The BOC has the only accredited
certification program for ATs in the
US. Since 1982, the BOC has
been continuously accredited
by the National Commission for
Certifying Agencies (NCCA).
The BOC must undergo review
and reaccreditation every 5 years
through the NCCA, which is the
accreditation body of Institute for
Credentialing Excellence (ICE).
The Board of Certification, Inc. (BOC) has been responsible for the
certification of Athletic Trainers (ATs) since 1969. The BOC was the
certification arm of the professional membership organization the National
Athletic Trainers’ Association (NATA) until 1989 when the BOC became
an independent non-profit organization.
The BOC exists so that healthcare professionals worldwide have
access to globally recognized standards of competence and
exceptional credentialing programs that support them in the protection
of the public and the provision of excellent patient care.
To provide exceptional credentialing programs for healthcare
professionals to assure protection of the public.

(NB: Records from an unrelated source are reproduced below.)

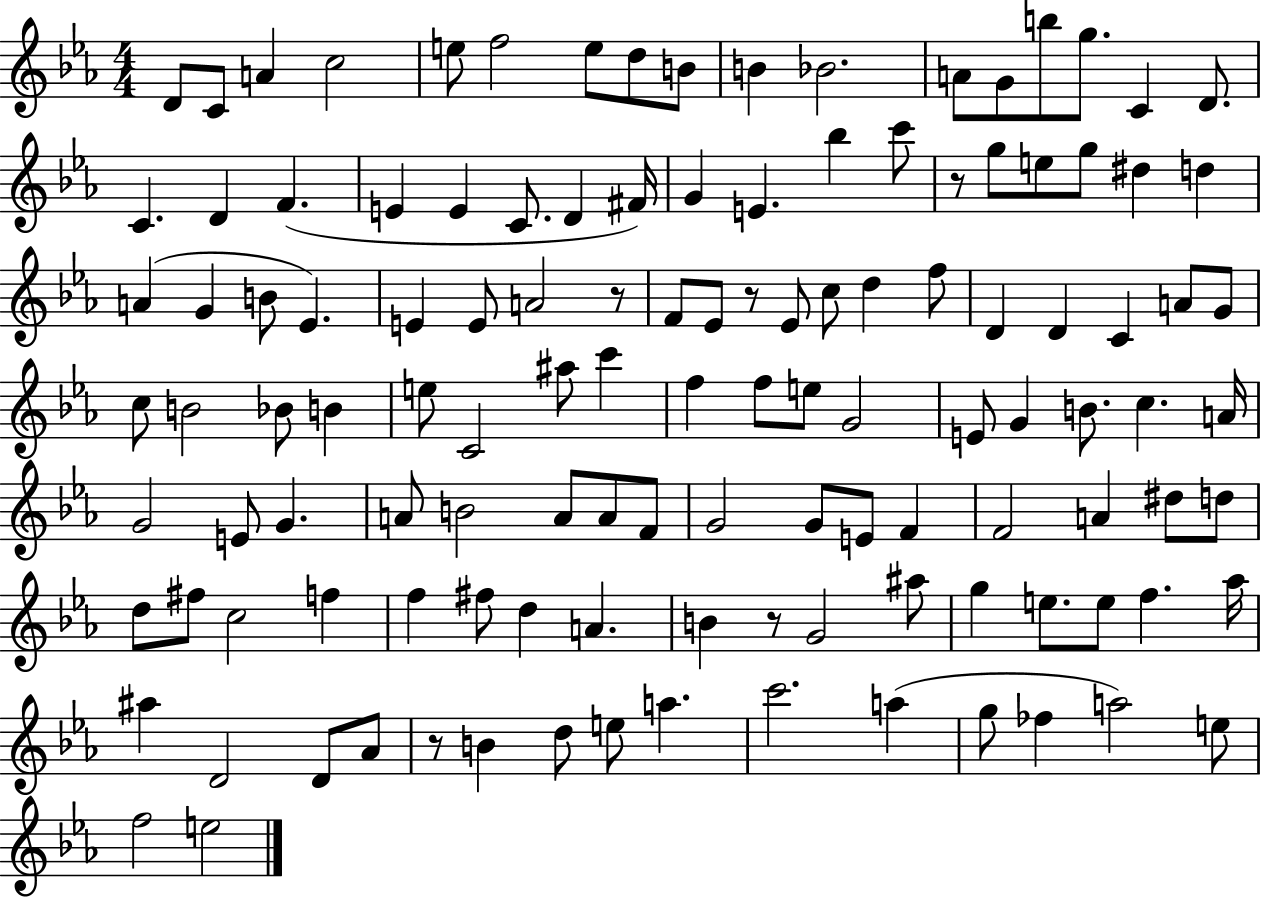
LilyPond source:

{
  \clef treble
  \numericTimeSignature
  \time 4/4
  \key ees \major
  d'8 c'8 a'4 c''2 | e''8 f''2 e''8 d''8 b'8 | b'4 bes'2. | a'8 g'8 b''8 g''8. c'4 d'8. | \break c'4. d'4 f'4.( | e'4 e'4 c'8. d'4 fis'16) | g'4 e'4. bes''4 c'''8 | r8 g''8 e''8 g''8 dis''4 d''4 | \break a'4( g'4 b'8 ees'4.) | e'4 e'8 a'2 r8 | f'8 ees'8 r8 ees'8 c''8 d''4 f''8 | d'4 d'4 c'4 a'8 g'8 | \break c''8 b'2 bes'8 b'4 | e''8 c'2 ais''8 c'''4 | f''4 f''8 e''8 g'2 | e'8 g'4 b'8. c''4. a'16 | \break g'2 e'8 g'4. | a'8 b'2 a'8 a'8 f'8 | g'2 g'8 e'8 f'4 | f'2 a'4 dis''8 d''8 | \break d''8 fis''8 c''2 f''4 | f''4 fis''8 d''4 a'4. | b'4 r8 g'2 ais''8 | g''4 e''8. e''8 f''4. aes''16 | \break ais''4 d'2 d'8 aes'8 | r8 b'4 d''8 e''8 a''4. | c'''2. a''4( | g''8 fes''4 a''2) e''8 | \break f''2 e''2 | \bar "|."
}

Integrity, Professionalism, Fairness, Transparency, Service
HELP! How Do I List My Credentials?
Proper treatment of degrees, licenses and credentials has
been a source of confusion and misuse for years. Many
Athletic Trainers are unsure how to list or abbreviate the
qualifications that follow their names.
Consistency in how ATs identify themselves alleviates confusion
and lends credibility to the profession. The following is intended
to provide clarity as you identify yourself in signatures, business
cards, letterhead or any other written format.
A 2003 article by Ken Knight, Chad Starkey and Chris
Ingersoll* established guidelines for displaying degrees,
licenses and credentials, and this information is still valid
today. The article says it is proper to list academic degrees
first, licenses second and credentials last. Here, credentials
include BOC certification. For instance, an AT holding a
master’s degree and working in a state where licensure is not
required should write, “Sally Snow, MS, ATC” – not “ATC,
MS.” The same AT working in a state with licensure would
correctly write, “Sally Snow, MS, LAT, ATC.”
What do these qualifications mean? Licensure provides a
legal right to practice, while certification, which is voluntary,
states that a professional body – in this case, the BOC
– has determined that your knowledge and skills have
met a pre-determined standard. If you use more than one
credential, list them in order of difficulty of obtaining them.
With credentials of similar difficulty, such as ATC and PT, list
them in chronological order.
Common Errors and Exceptions
Because confusion has persisted over the years, we know of
several common errors. One error involves listing licensure
and certification as a single abbreviation; such incorrect
examples include ATC/L, LATC and ATC/R. The first example
implies that certification is more important than licensure,
which is not the case. The second and third examples
improperly append the ATC® credential, which is a registered
trademark and cannot be modified. Two exceptions exist:
•;Wisconsin, by state law, does not allow you to use
ATC®; the law specifies the use of LAT
•;And in Texas, everyone is an LAT because not all
Texas ATs have to be certified. Texas has its own set of
requirements to earn a license, BOC certification and/or
the Texas licensing exam
As far as BOC and our protection of the credential, we do
not regulate against the improper treatment of licensure and
regulation. However, we do regulate against those who use
the ATC® credential and are not currently certified.
Finally, we offer one more note on usage. Despite the
common misconception, ATC is not a noun. An AT is the
person who holds the credential, while ATC is the credential.
For this reason, it would be inappropriate to say, “Bob Jones
is the ATC for the Cardinals.” Instead, it is correct to say,
“Bob Jones is the AT for the Cardinals.”